WHAT TO WORK ON — In the entries that follow, find the line containing "HOCO Bluetooth Hangszóró" and the line containing "Seymour Duncan Pickgrd", then copy exactly everything from the first through the second except the pictures.

** Opening AVAILABLE DATA block **

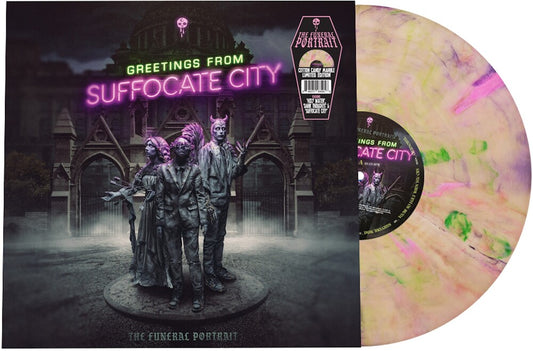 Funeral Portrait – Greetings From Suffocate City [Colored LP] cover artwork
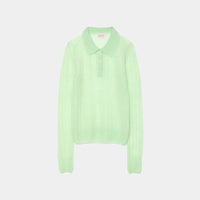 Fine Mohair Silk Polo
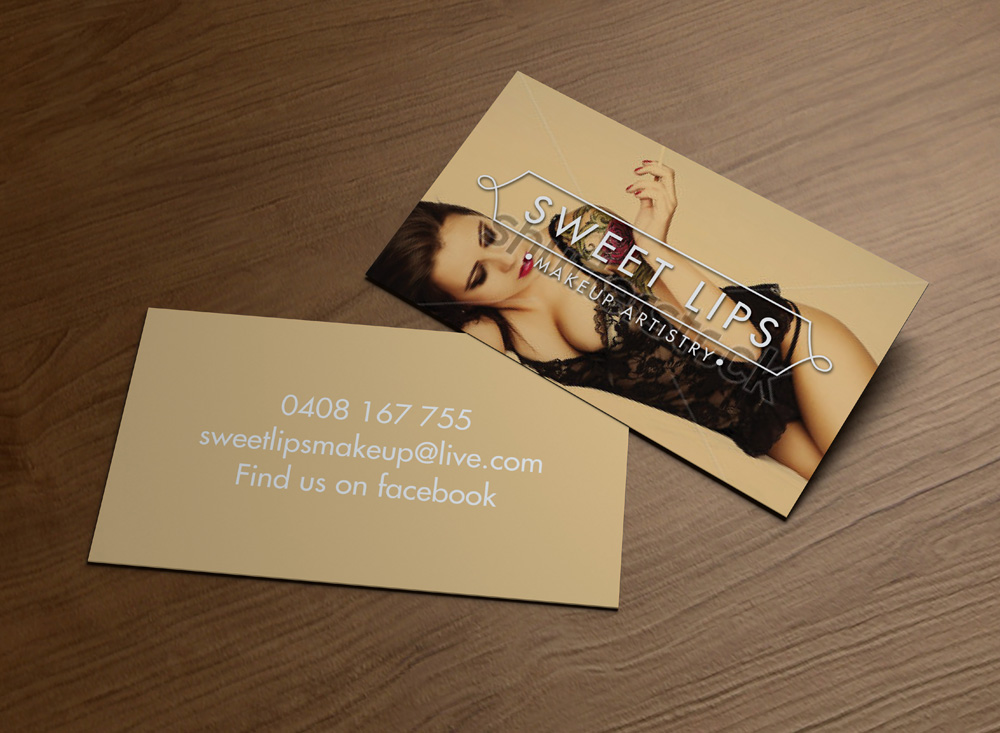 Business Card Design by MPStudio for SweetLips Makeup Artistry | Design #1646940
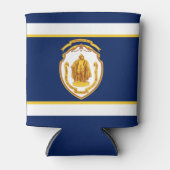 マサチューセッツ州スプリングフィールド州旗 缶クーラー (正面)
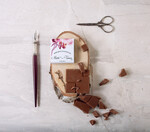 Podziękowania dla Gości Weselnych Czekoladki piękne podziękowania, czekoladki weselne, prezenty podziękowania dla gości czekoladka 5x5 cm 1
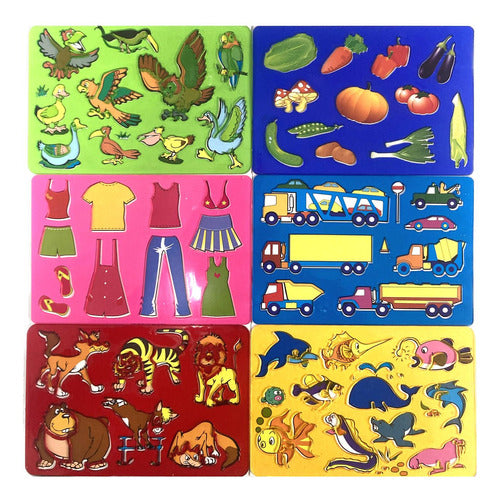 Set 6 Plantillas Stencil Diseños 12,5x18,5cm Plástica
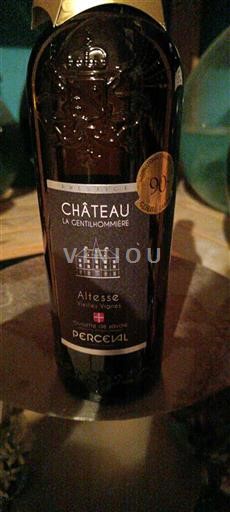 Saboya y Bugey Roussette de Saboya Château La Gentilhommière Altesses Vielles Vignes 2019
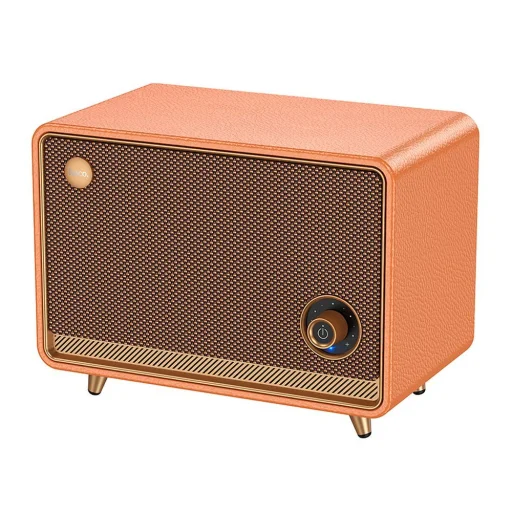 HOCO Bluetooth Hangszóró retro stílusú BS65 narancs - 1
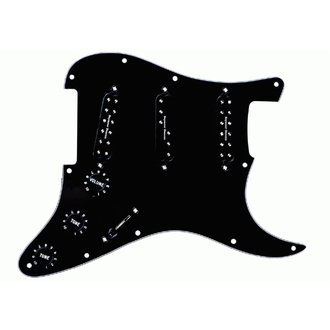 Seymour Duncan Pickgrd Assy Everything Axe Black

** Closing AVAILABLE DATA block **
** Opening AVAILABLE DATA block **

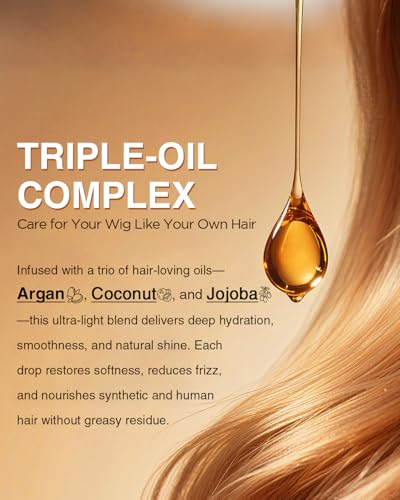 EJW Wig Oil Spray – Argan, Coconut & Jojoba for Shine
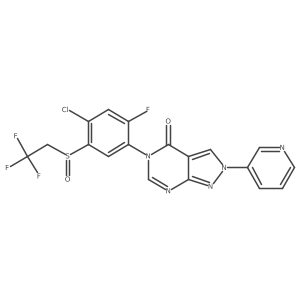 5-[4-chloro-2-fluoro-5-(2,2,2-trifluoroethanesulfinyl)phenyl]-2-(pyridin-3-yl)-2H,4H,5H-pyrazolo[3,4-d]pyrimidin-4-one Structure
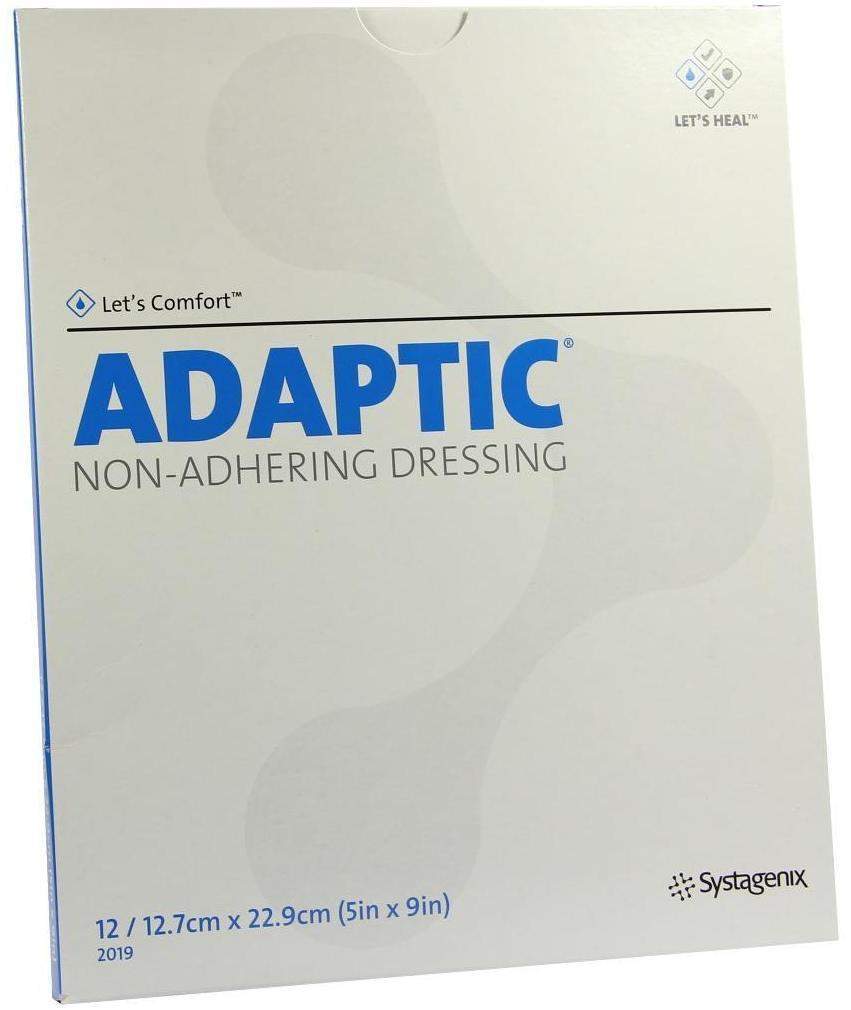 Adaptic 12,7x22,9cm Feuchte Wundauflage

** Closing AVAILABLE DATA block **

EXERCISE RESPONSE —
 HOCO Bluetooth Hangszóró retro stílusú BS65 narancs - 1
 Seymour Duncan Pickgrd Assy Everything Axe Black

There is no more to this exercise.